Jamini Roy was born in 1877 in the Bankura district of West Bengal, a region rich with folk art traditions. At the age of sixteen, he travelled to Kolkata, where he studied European painting at the Government School of Art. Although the landscapes and portraits from early in his career were distinctly Impressionistic, with growing anti-imperialist sentiments in the late 1930s, the artist began to reject his Western formalist training. Instead, he looked towards more familiar Bengali folk art and Kalighat paintings for inspiration. Discovering that he was far more drawn to the vivid color palettes and bold lines of bazaar pata paintings, Roy developed a unique visual style that reinterpreted local traditions through a modernist idiom.

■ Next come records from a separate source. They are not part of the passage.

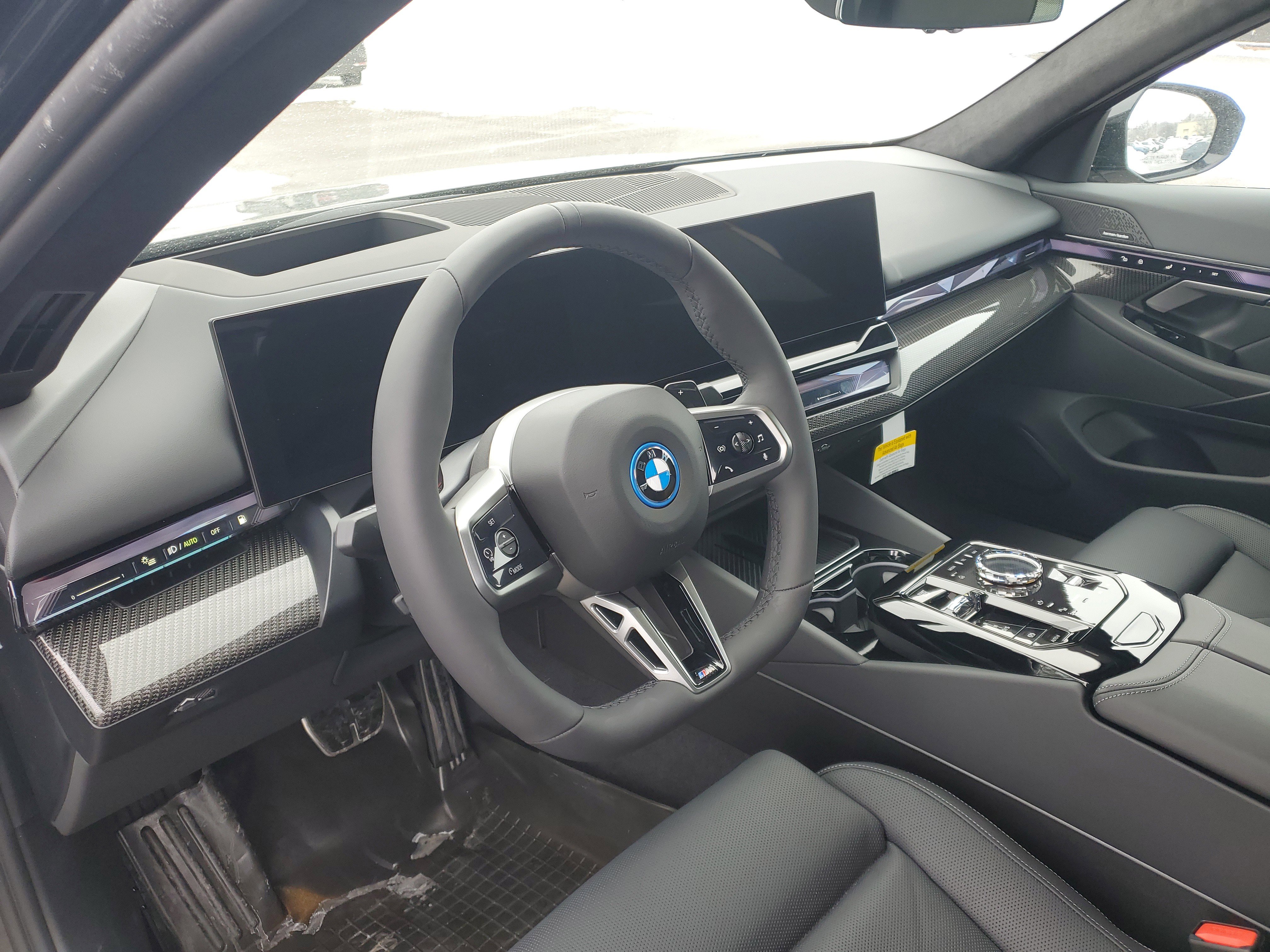 New 2026 BMW 550e xDrive w/ Executive Package image 9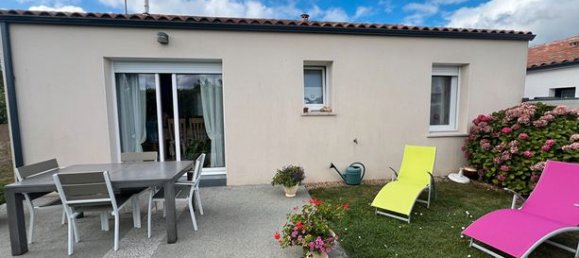 Casa de 2 dormitorios en Saint-Vincent-sur-Jard, France No. 310503 2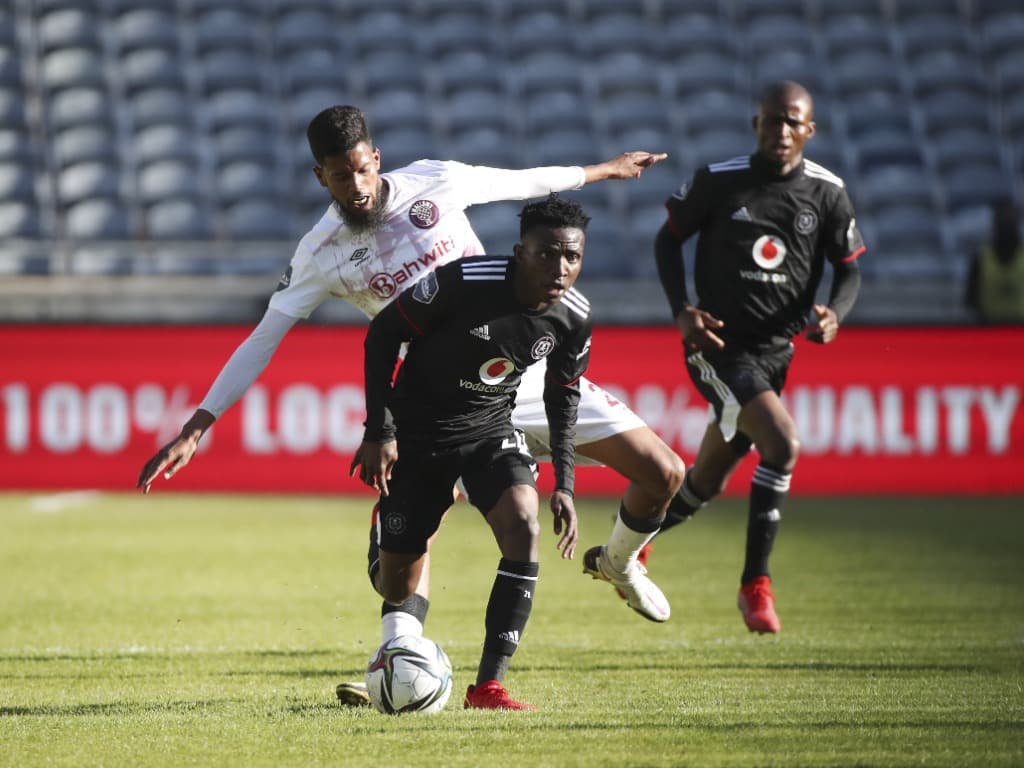 Pirates midfielder Ntsako Makhubela returns to Arrows on loan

The present lot, one of the artist’s largest known works on the subject, is a dazzling representation of Krishna, one of the incarnations of the Hindu god Vishnu, and his brother Balaram. The deities stand in symmetry, accompanied by peacocks and other floral adornments. They are depicted in Roy’s revered signature style – flattened, boldly outlined, and with sharp almond-shaped eyes. These attributes were derived from recurrent imagery in indigenous folk art traditions. In fact, even the media he utilized to execute this work, including his natural or mineral pigments and the linen he painted on, paid homage to local sources and culture. Through significant works like the present lot, Jamini Roy distinguished a new genre of modern Indian art that celebrated the essence of Bengali identity. Today, the artist is heralded as a 'National Treasure’ in India, joining eight other artists as the Navaratnas or nine gems of modern Indian art, a pantheon of renowned creators whose work holds immense cultural significance.